Birding passion

By Dan Petersen

Special to the News-Times

Publishing stunning photography books of Whidbey Island birds is not what Craig and Joy Johnson do for a living.

It is what they do for fun.

The authors of the just-published “Our Puget Sound Birds and Habitat” are quick to point out their real livelihood is commercial watercolor art and illustration of maritime vessels. They work from a small woodland home near Freeland, where they could not help noticing the wild birds all around. Curiosity took them in a direction they could not have predicted. “We started photographing the birds to help us identify them,” Craig Johnson said.

Putting their passion for birds together with Craig’s background in graphic arts and Joy’s talents as a writer, the Johnsons took a leap of faith and self-published 1,000 copies of a modest book, “Our Puget Sound Backyard Birds.” It was soon followed by a second, “Our Puget Sound Backyard Birds II.” Their third and latest is a 100-page, full-color paperback that sells for $25 in island bookstores and wild bird shops. The photography is breathtaking. As with the earlier volumes, many of the photos in this one were taken in familiar Whidbey Island settings.

“People tell me they had no idea all these birds were out there,” Craig Johnson says. “I am using the book as a tool to get these birds in front of people who might not normally notice them.”

Designing and publishing books adds a big workload to an already demanding job, Johnson admits. “But it is well worthwhile if it helps others discover these fabulously specialized creatures and how they adapt to their habitat.”

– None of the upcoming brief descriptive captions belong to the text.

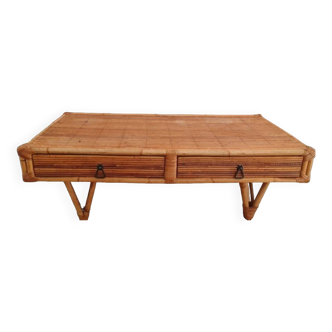 Vintage rattan and bamboo coffee table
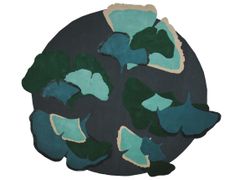 Tappeto a fiori fatto a mano rotondo&nbsp;GINKGO | Tappeto a fiori - TOULEMONDE BOCHART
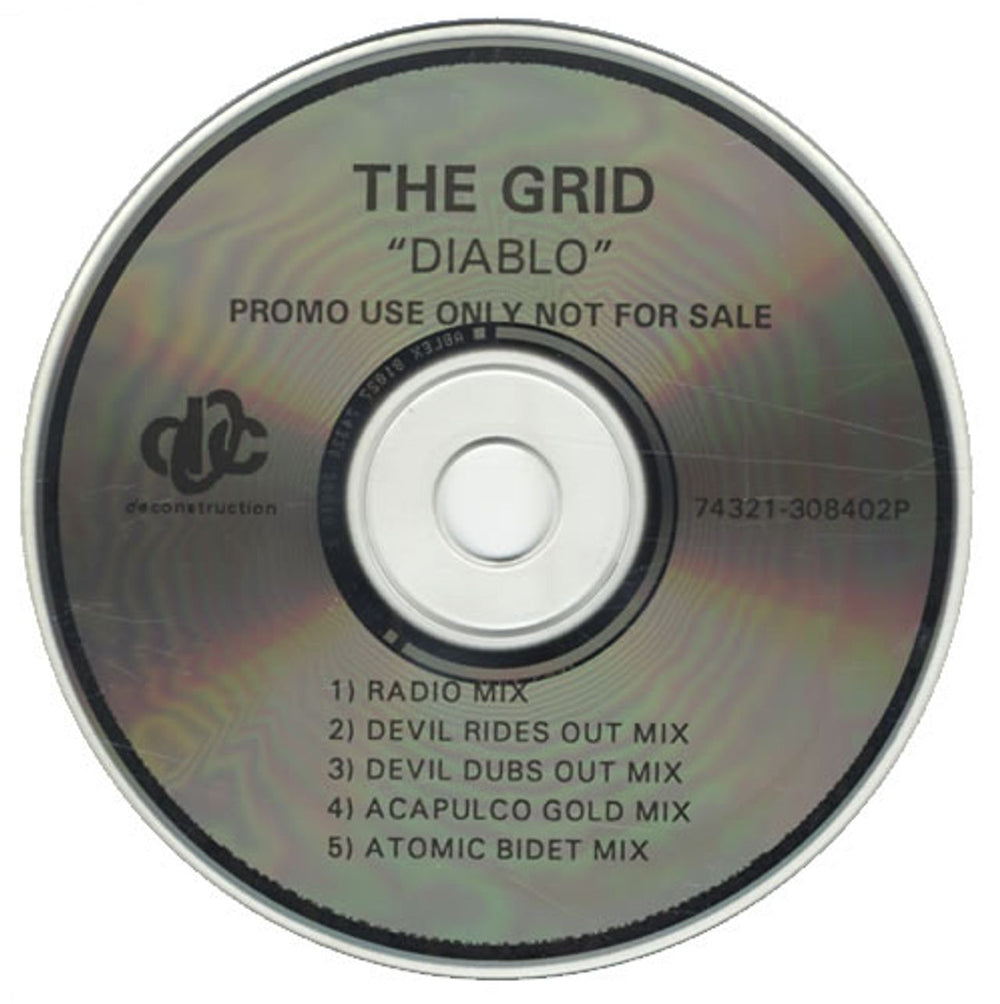 The Grid Diablo UK Promo CD single (CD5 / 5") 74321-308402P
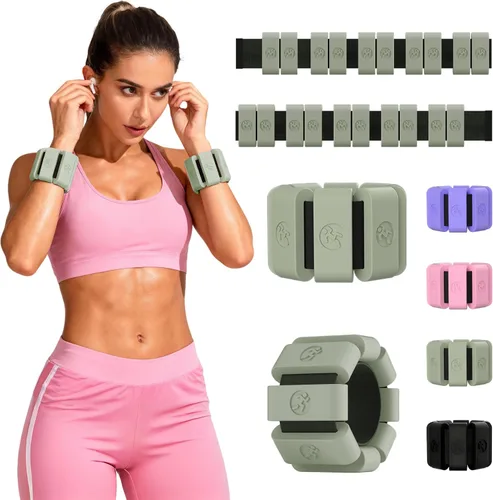 Miniatura 25 de Pesas de muñeca ajustables para mujeres y hombres, pesas de pierna para mujeres de 0.75lb-1lb-1.3lb cada una para caminar, yoga, danza, barre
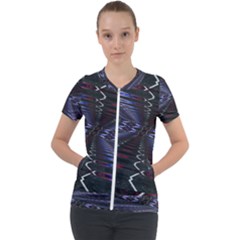 Digital Room Short Sleeve Zip Up Jacket by Sparkle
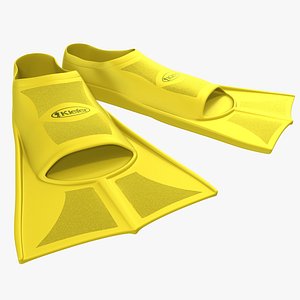 swim fins yellow 3d model
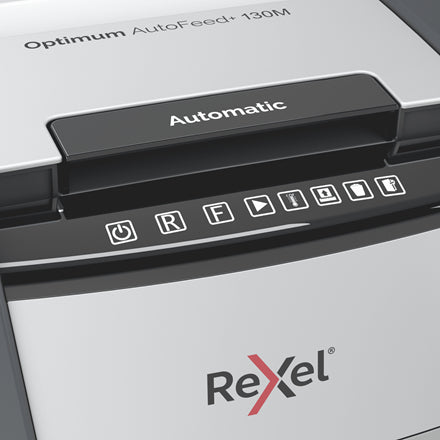 Rexel Optimum AutoFeed+ 130M – Aktenvernichter mit Autofeed 130 Blatt, DIN P-5, Mikroschnitt 2 × 15 mm, 44 l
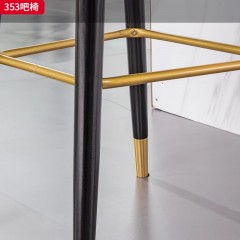 千匠一品 现代轻奢 绒布+高密度海绵+碳素钢黑砂脚 橡木黑胡桃脚+不锈钢拉丝钛金 时尚优雅吧椅353-J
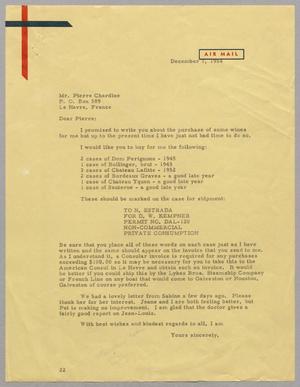 [Letter from Daniel W. Kempner to Pierre Chardine, December 7, 1954]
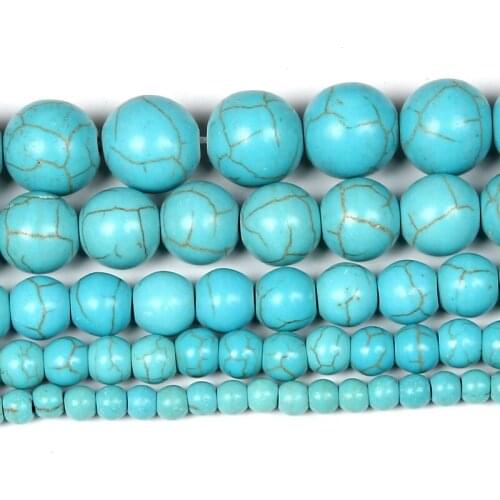 4-12mm Natural Stone Beads Round Smooth Loose Turquoises Stone Beads For Jewelry Making DIY Charm Bracelet Necklace Handmade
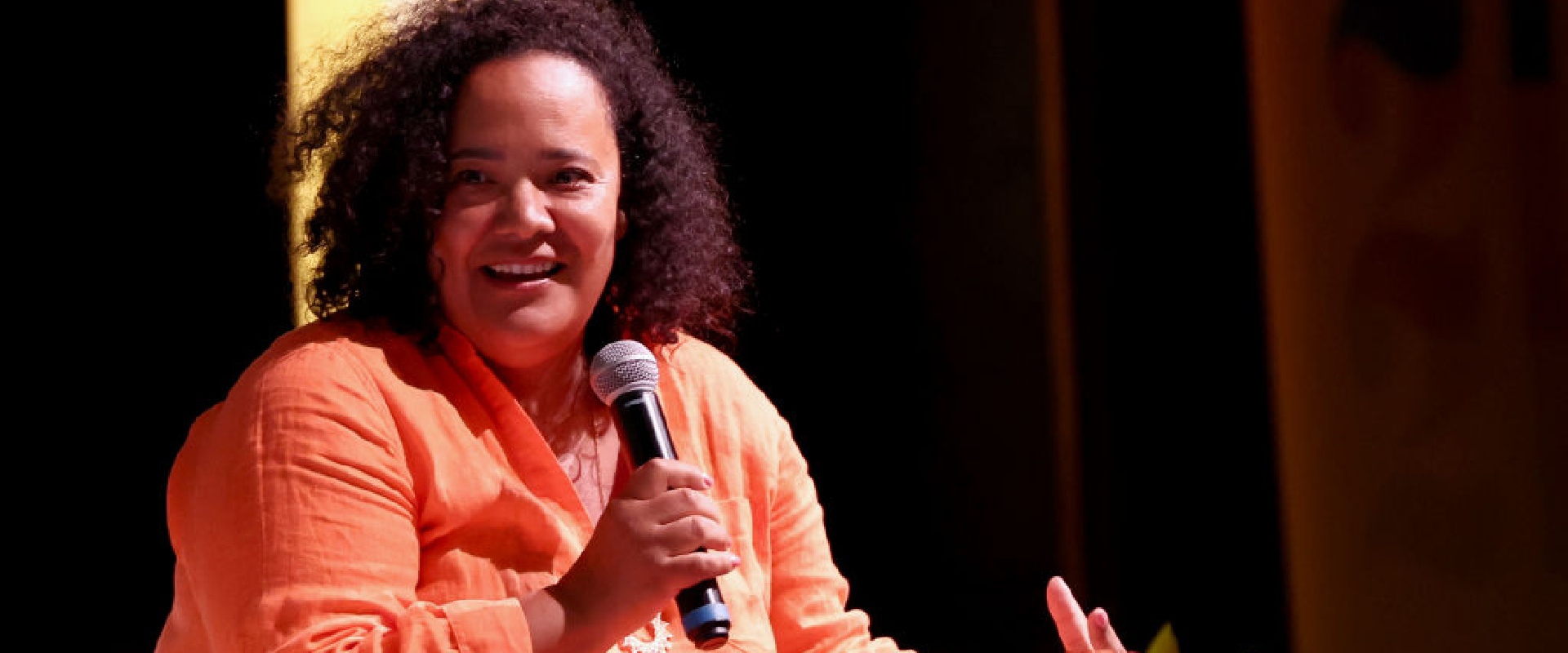 MARTHA'S VINEYARD, MASSACHUSETTS - AUGUST 04: MARTHA'S VINEYARD, MASSACHUSETTS - AUGUST 4: Dream Hampton speaks onstage during Ladies First: a story women in hip-hop on August 04, 2023 in Martha's Vineyard, Massachusetts. (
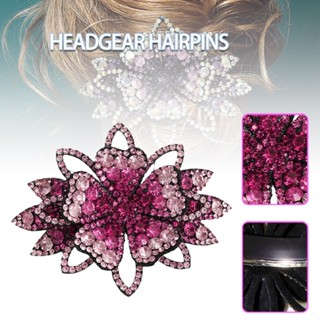 Sparkling Crystal Rhinestone Hair Clip Women Flower Hair Pin Accessories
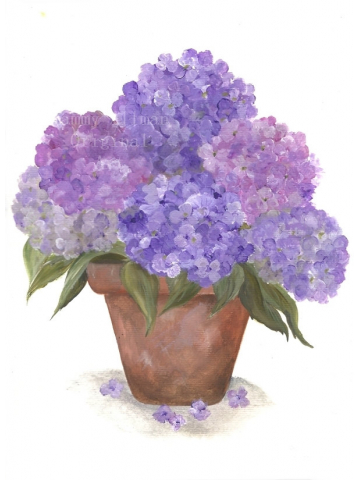 Original Watercolor Clay Pot Series, Purple Hydrangea Original Watercolor Print,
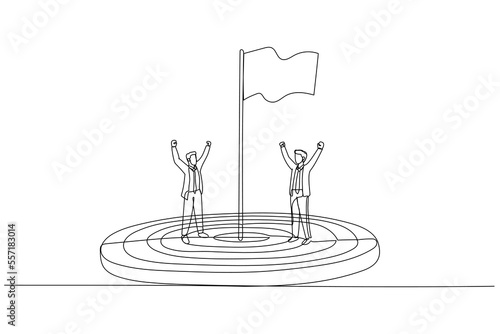 Illustration of businessmen flagpole flagstaff target aim field concept of achievement. Single continuous line art
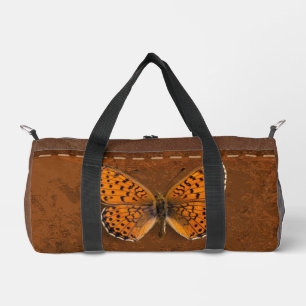 Custom rustic leather effect Butterfly Duffle Bag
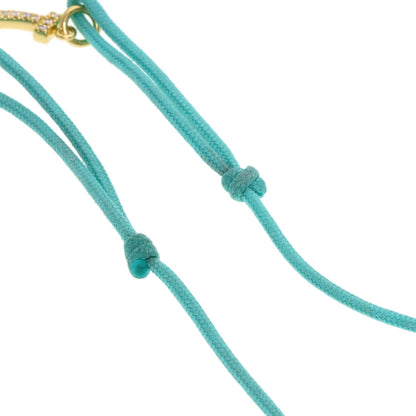 TIFFANY&Co. T Smile Mini Diamond Blue Code Bracelet K18 Yellow Gold Ladies [Used]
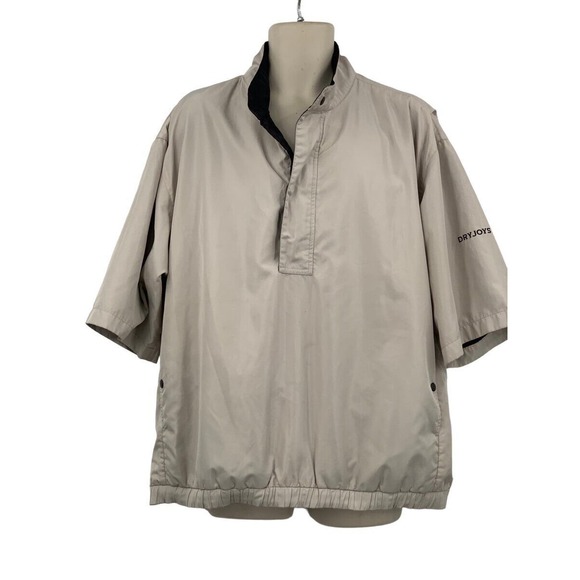 DryJoys by FootJoy Mens SS 1/2 Zip/Snap Pullover Golf Rain Jacket Beige L - Picture 2 of 8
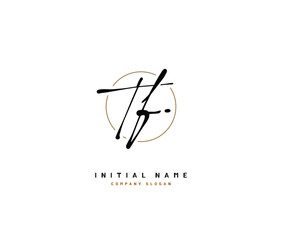 T F TF Beauty vector initial logo, handwriting logo of initial signature, wedding, fashion, jewerly, boutique, floral and botanical with creative template for any company or business.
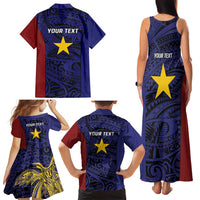 Personalised PNG Milne Bay Province Family Matching Tank Maxi Dress and Hawaiian Shirt Bird of Paradise Tattoo Flag Motif - Polynesian Pride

On Saturday, Feb. 2, the Johnsons will share remarkable close-up images when they present “Birds of Whidbey Island,” one of 54 classes offered to the public at the one-day Sound Waters University, on the campus of Coupeville middle and high schools. Online registration for the day-long event opens today, Jan. 2, and continues until Jan. 18 at Favorite classes fill fast, so prompt registration is recommended. The $35 fee includes the keynote address, any three classes, snacks and coffee. An optional box lunch may be reserved for $8.50.

Sound Waters University, now in its 14th year, typically attracts more than 500 attendees from Whidbey and Camano islands and the northern Puget Sound region. It is organized by Washington State University Beach Watchers of Island County (, a volunteer organization currently about 270-strong that carries out marine science and education projects in Island County and has recently expanded throughout Puget Sound.

Sound Waters classes are presented by a cross section of authors, educators, enthusiasts and experts. The Johnsons are typical in that their enthusiasm is infectious and their passion for birds goes well beyond photography. Craig Johnson worries that habitat loss poses a great threat to many species of birds living and breeding on Whidbey Island. “Working with Whidbey Audubon as conservation chair is helping me dig into those issues, though I have much to learn,” he says.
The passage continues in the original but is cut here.